DCPS worked hard to get community input, and in July 2010 then-Chancellor Michelle Rhee approved the bulk of the plan and extended it from Capitol Hill to all of Ward 6. Today, a few elements of the plan have been implemented, including the expansion of Capitol Hill Montessori@Logan, which serves grades PK3-6, into its own building. However, DCPS has been slow to implement elements that would actually strengthen existing middle schools, and its efforts have been underfunded and not well coordinated.
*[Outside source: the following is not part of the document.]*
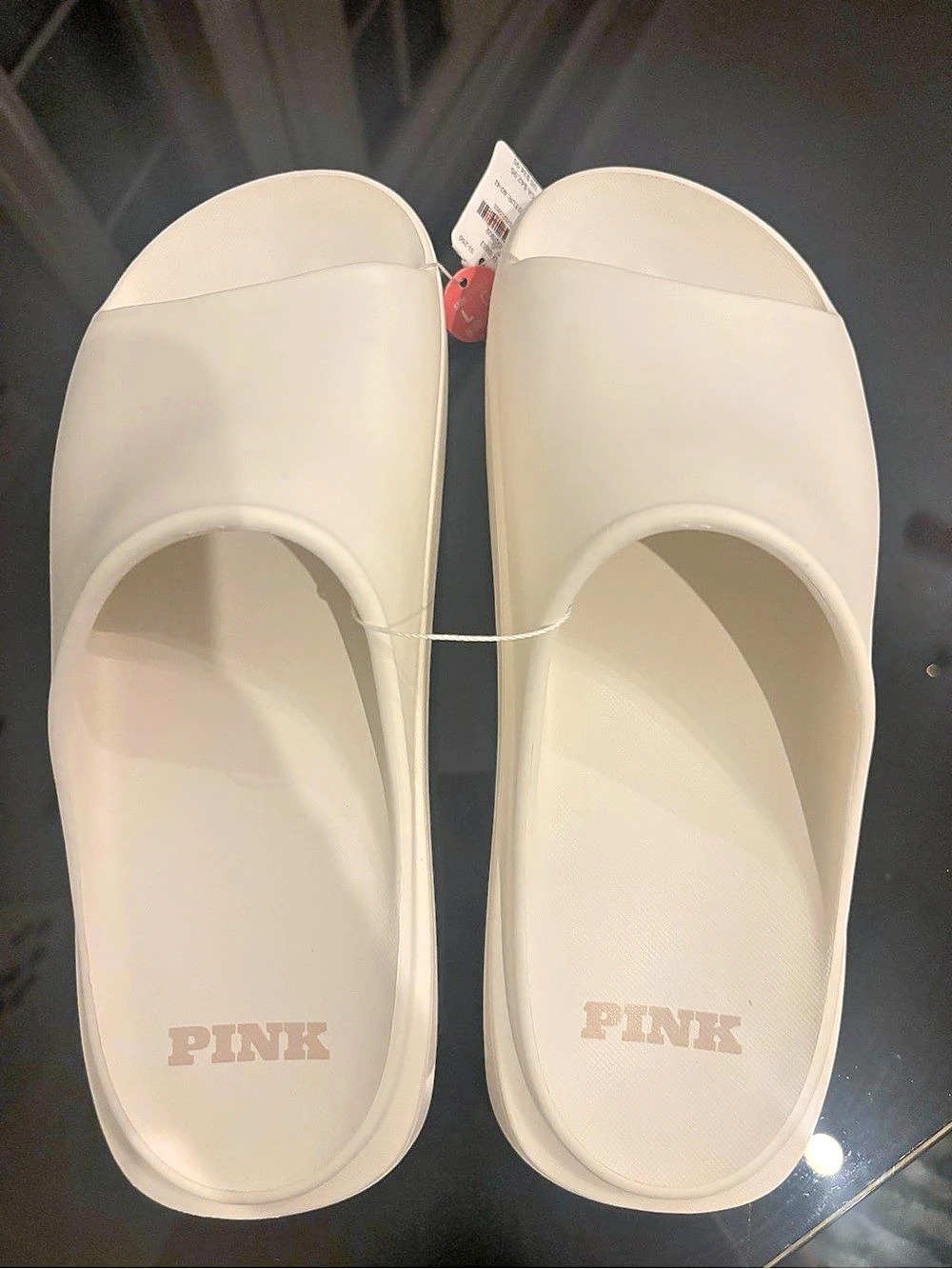 PINK Platform Slide Sandals in Cream Like New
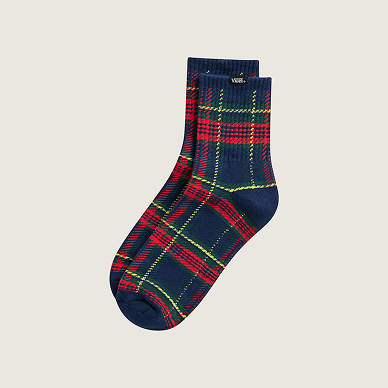 Drop V Plaid Half Crew Socks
Three Ward 6 middle schools
Ward 6 has three middle schools: Stuart-Hobson, Eliot-Hine, and Jefferson. (In addition, Walker-Jones Education Campus serves grades PK3 through 8th.) The plan called for renovations at both Stuart-Hobson and Eliot-Hine. Funding to modernize Stuart-Hobson came through only after parents engaged in a lot of politicking, number-crunching, and fundraising. The project remains incomplete, with parents once again leaning hard on the city to finish its full scope . And plans to renovate Eliot-Hine MS have been delayed by several years.
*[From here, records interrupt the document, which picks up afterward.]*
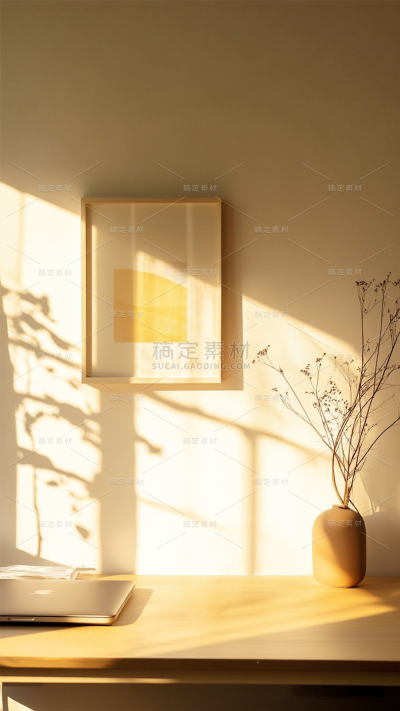 家居系列-通用-写实办公桌带电脑背景图片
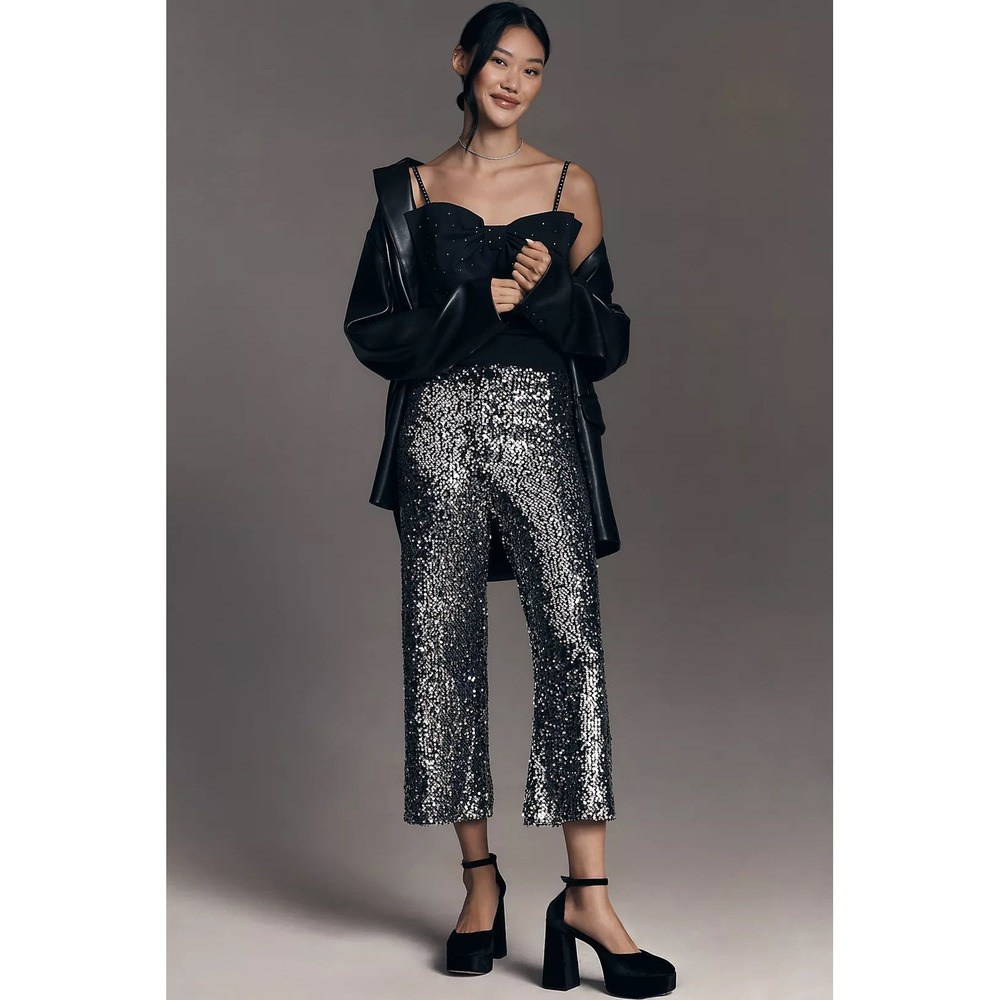 Maeve Anthropologie The Colette Sequin Cropped Wide Leg Pants Silver Black 23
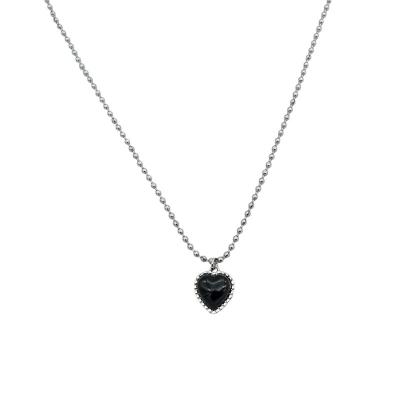 China Other Black Retro Love Pendant Necklace Fashion Personality Trend Simple Clavicle Chain for sale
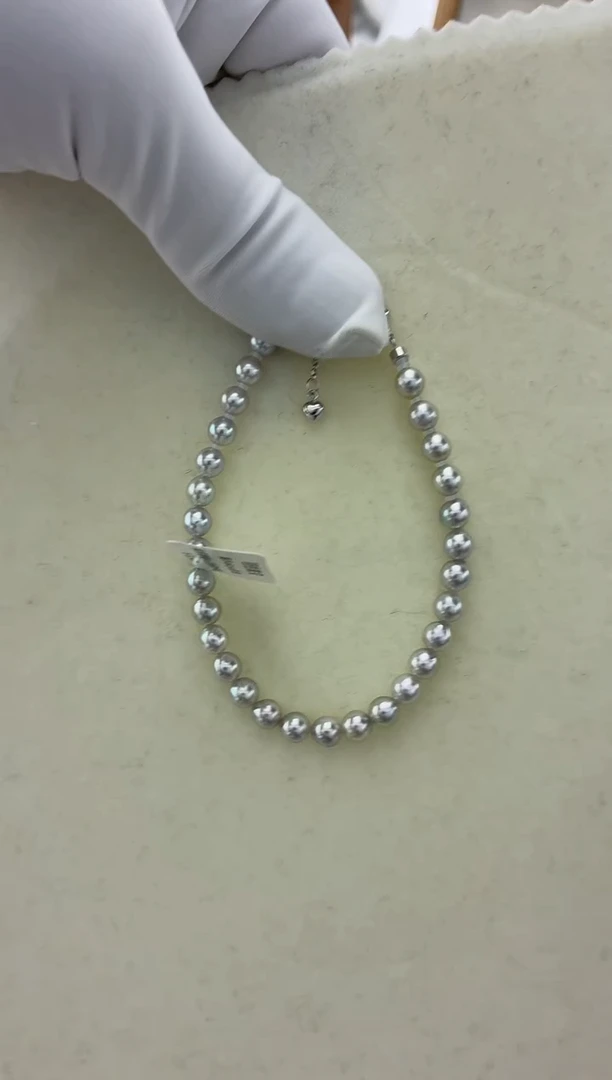 银S925镶嵌手绳海水珍珠真多麻蓝玫瑰拆珠手链5-5.5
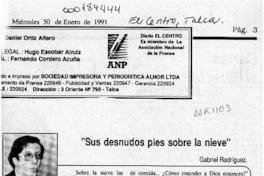 "Sus desnudos pies sobre la nieve"  [artículo] Gabriel Rodríguez.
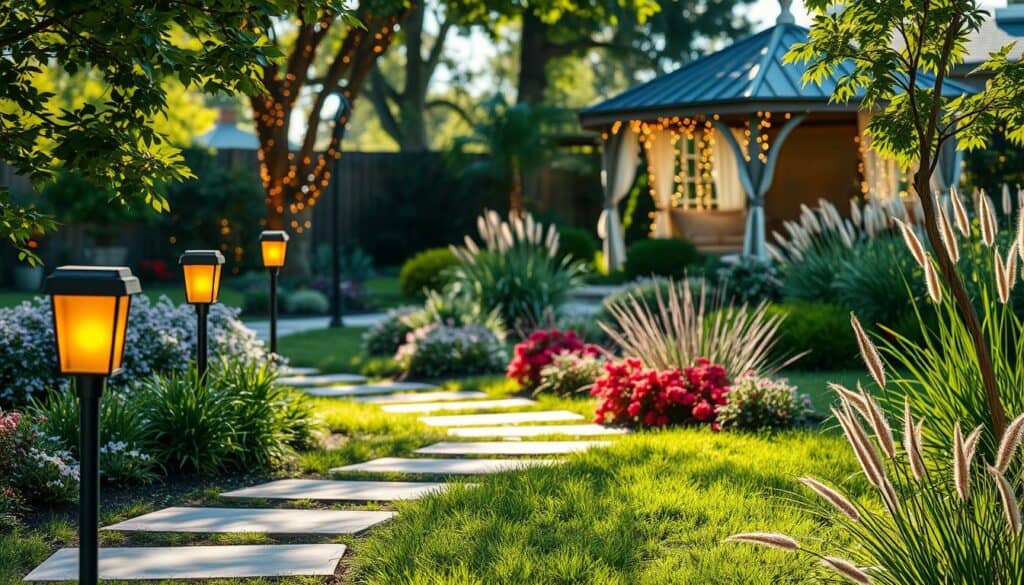 A modern garden path illuminated by stylish path lighting. In the foreground, sleek solar-powered lanterns line a well-defined, curved stone path, casting soft amber light onto the garden. The middle ground features lush greenery, with colorful perennials and ornamental grasses creating a vibrant, inviting atmosphere. The background shows a cozy garden gazebo partially draped in fairy lights, enhancing the enchanting vibe. The scene is bathed in bright natural light, with gentle sunlight filtering through the leaves, creating dappled shadows on the path. Capture this serene moment from a slightly elevated angle to showcase the flow and beauty of the garden. Aim for a tranquil, harmonious mood that reflects contemporary outdoor living.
Under the Ward 6 plan, both Eliot-Hine and Jefferson were to adopt the Middle Years International Baccalaureate (IB) Program, designed to stimulate critical and analytical thinking. Both schools feed into Eastern High School, which has also applied to be an IB school. Generally it takes several years for a school to be approved by the International Baccalaureate Organization.
While the process is moving forward, it has been slow to take off. Although the IB Organization approved Jefferson in 2010, the school didn't hire an IB Coordinator until fall 2012. As with other parts of the Ward 6 plan, parents and principals have been left to try to implement it largely on their own, without clear coordination from DCPS's central office.
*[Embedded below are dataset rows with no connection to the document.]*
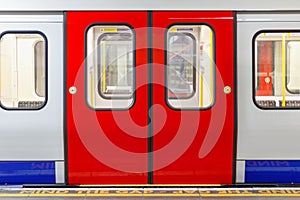 London underground train carriage waiting to depart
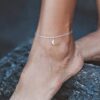 N7773b Chaînette de cheville double croissant de lune Argent - Bijoux de pieds en ligne Ninanina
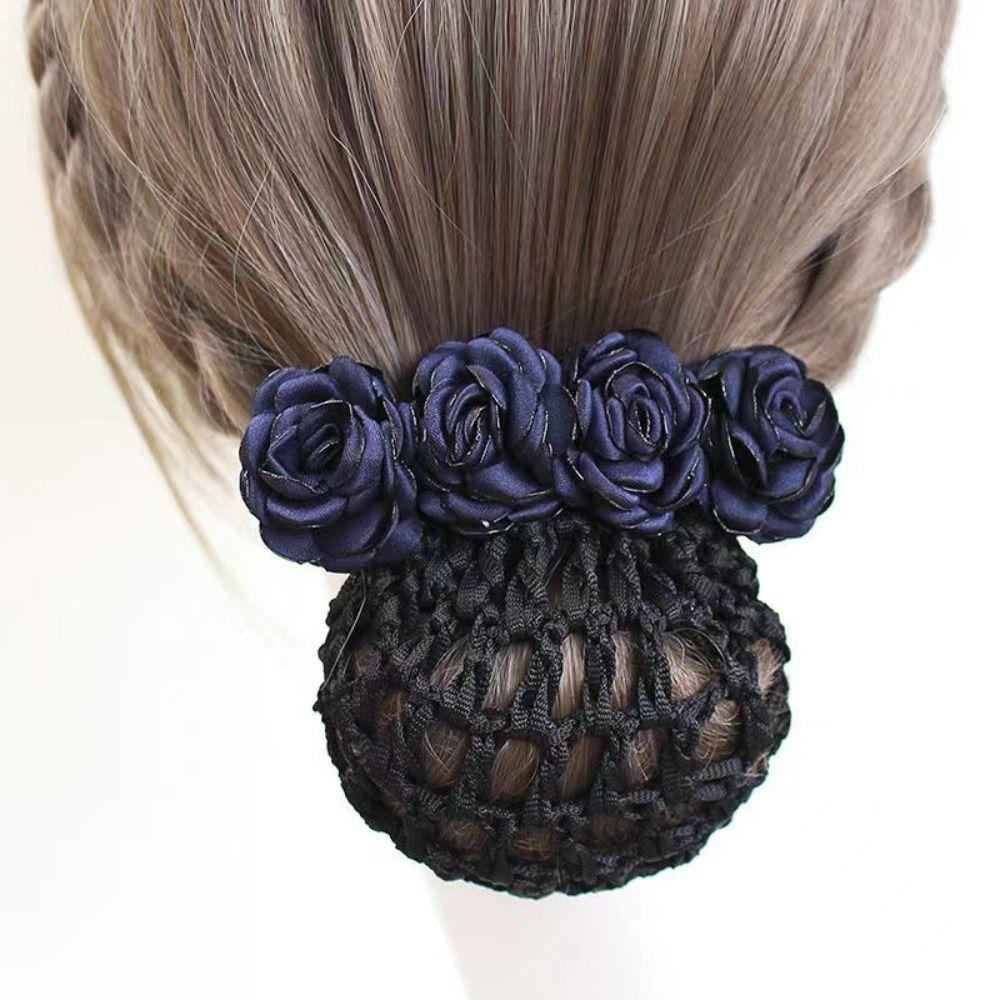 Hair Accessories Bow French Hair Clip Barrette Women Hair Bun Cover Net Snood Hairnet Flower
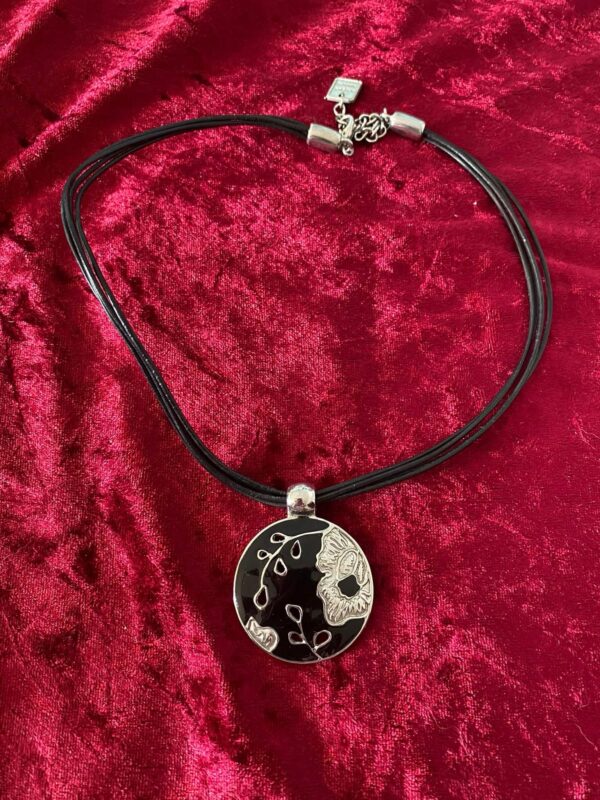 Black and Silver Pendant on Thong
Progress has also been stunted by the the DCPS budget crisis every spring. And when the DCPS budget is frozen, funds for things like IB teacher training can be held up. Even when the plan is working, middle school principals are not communicating its successes to elementary school communities.
That's part of a broader problem. Throughout DCPS, there does not seem to be much deliberate, strategic coordination among principals and schools within a feeder pattern. On a recent visit to my child's school, Catania brought up this issue, which CHPSPO families have been raising with DCPS for years.
Under DCPS' "cluster" structure, Instructional Superintendents appear to be aligned by grades rather than feeder patterns. For the most part, each superintendent oversees a group of elementary schools, middle schools, or high schools. That structure does not lend itself to collaboration between principals at feeder and destination schools. Add on high-stakes testing, and it's obvious that principals will focus on the health of their individual schools rather than where their students are headed.
Need for clear feeder patterns
Many DCPS elementary schools are in high demand. But without healthy middle schools and clear, predictable paths for students to move as a cohort through high school, DCPS' ability to keep students in the system is limited. It's ironic that DCPS—which, unlike the charter school system, is centrally run—does not have a competitive advantage when it comes to feeder patterns.
Improving middle schools won't be easy, and some factors lie outside Henderson's control. During the committee hearing, she mentioned the misalignment of grades created by charters starting enrollment at 5th grade. She also described the challenge of equalizing offerings like libraries and foreign language at all middle schools. With limited funds, that's even more difficult than developing specialized programs like IB at a few schools.
Still, when Catania's deadline arrives less than a month from now, I hope to see a comprehensive strategy for change. For Ward 6, a good place to start is the 2010 middle school plan that has already been developed by the school system in collaboration with the community.